Data records:
%%

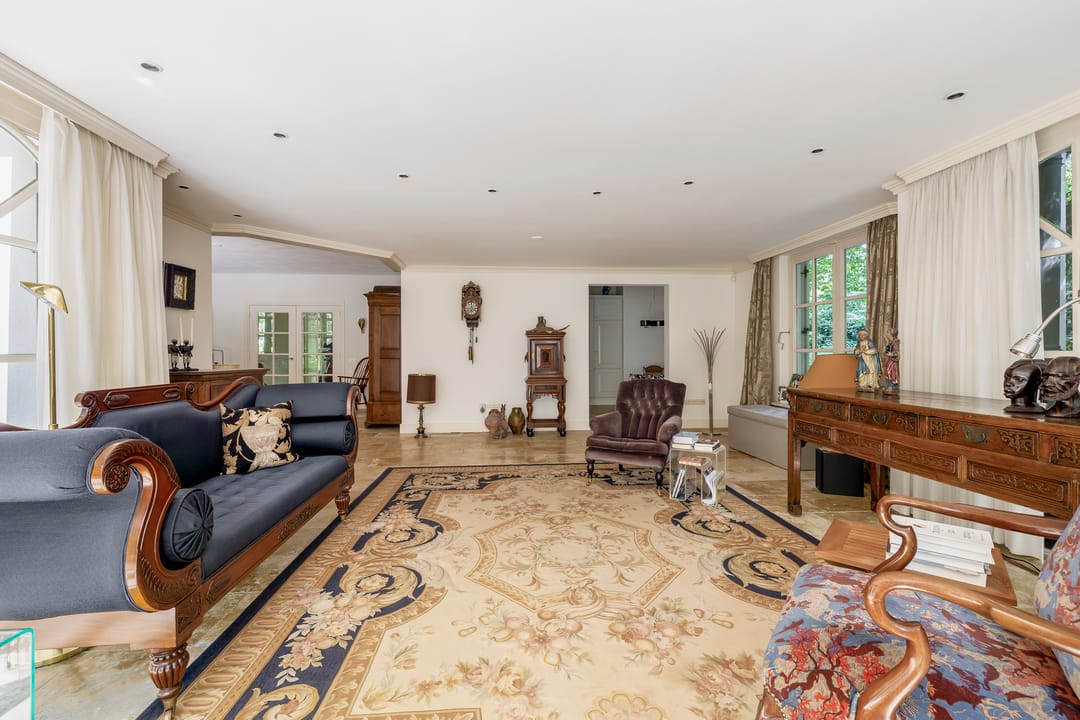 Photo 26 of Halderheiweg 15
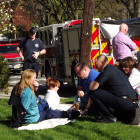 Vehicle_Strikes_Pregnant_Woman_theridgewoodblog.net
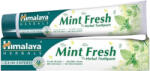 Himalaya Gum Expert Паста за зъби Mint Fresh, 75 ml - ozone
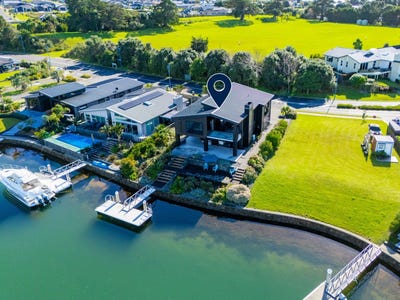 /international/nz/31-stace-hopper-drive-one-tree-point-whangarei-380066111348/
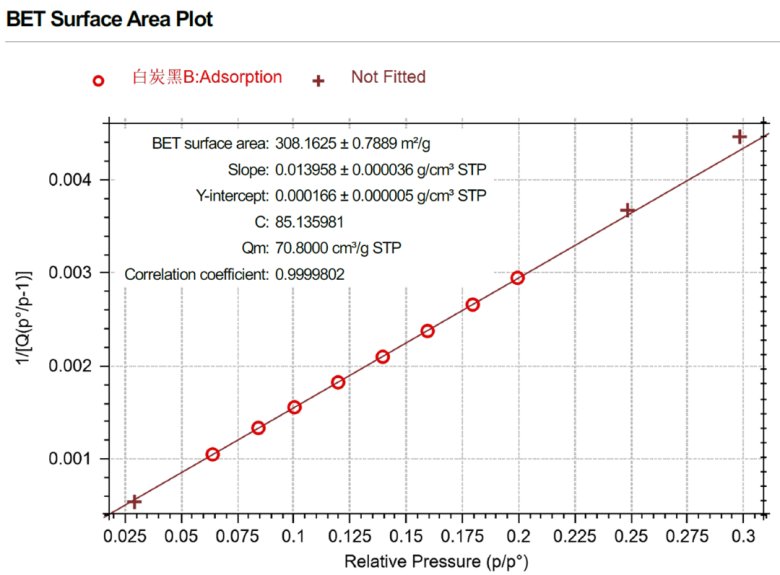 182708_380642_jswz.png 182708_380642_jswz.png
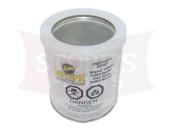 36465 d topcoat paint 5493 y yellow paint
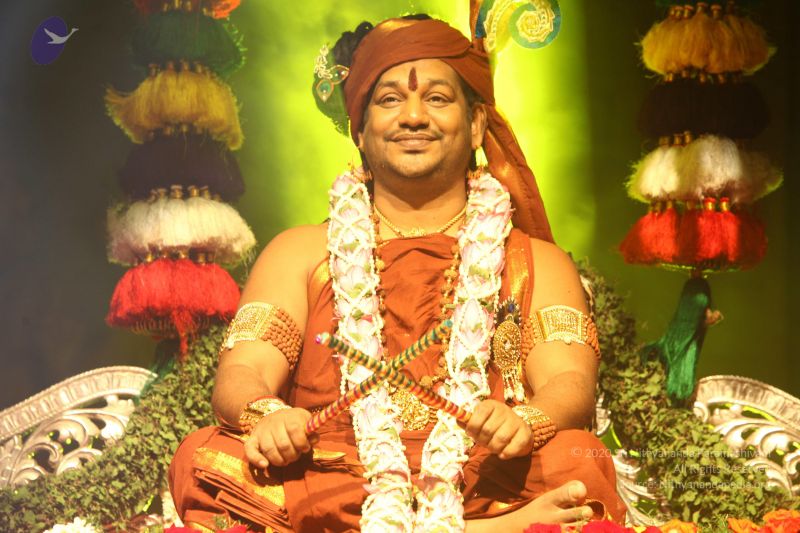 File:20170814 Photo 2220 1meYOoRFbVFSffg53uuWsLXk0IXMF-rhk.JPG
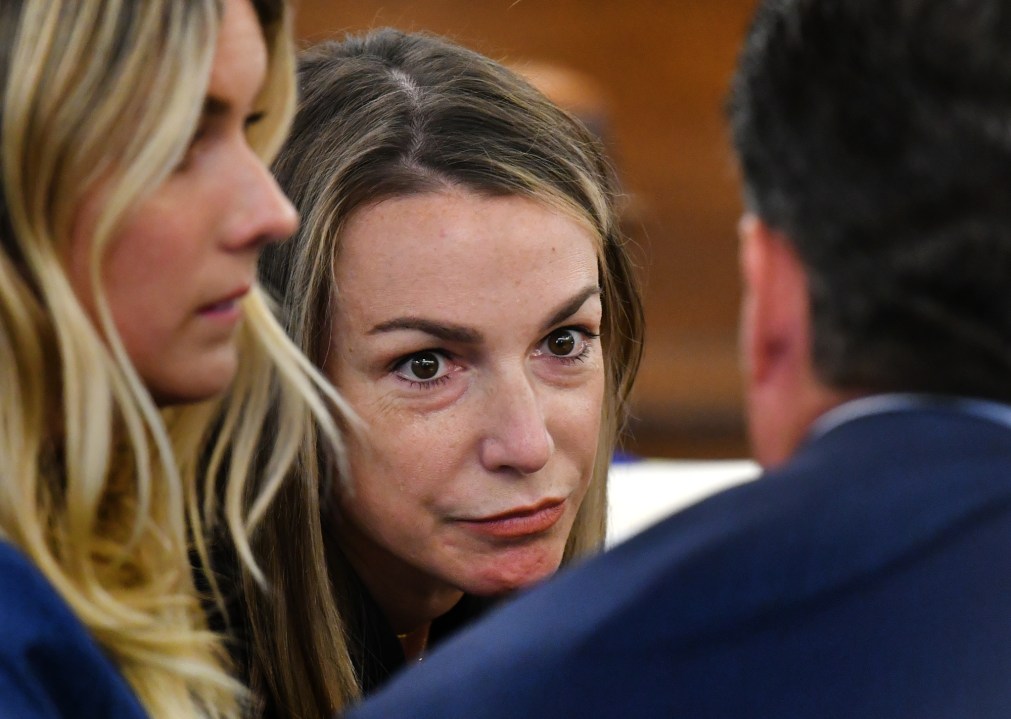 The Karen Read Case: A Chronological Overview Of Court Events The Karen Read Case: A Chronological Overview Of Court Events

%%

Task statement:
Leave the images aside and return the records above exactly as written.

Written response:
 Photo 26 of Halderheiweg 15
 Vehicle_Strikes_Pregnant_Woman_theridgewoodblog.net
 Himalaya Gum Expert Паста за зъби Mint Fresh, 75 ml - ozone
 /international/nz/31-stace-hopper-drive-one-tree-point-whangarei-380066111348/
 182708_380642_jswz.png 182708_380642_jswz.png
 36465 d topcoat paint 5493 y yellow paint
 File:20170814 Photo 2220 1meYOoRFbVFSffg53uuWsLXk0IXMF-rhk.JPG
 The Karen Read Case: A Chronological Overview Of Court Events The Karen Read Case: A Chronological Overview Of Court Events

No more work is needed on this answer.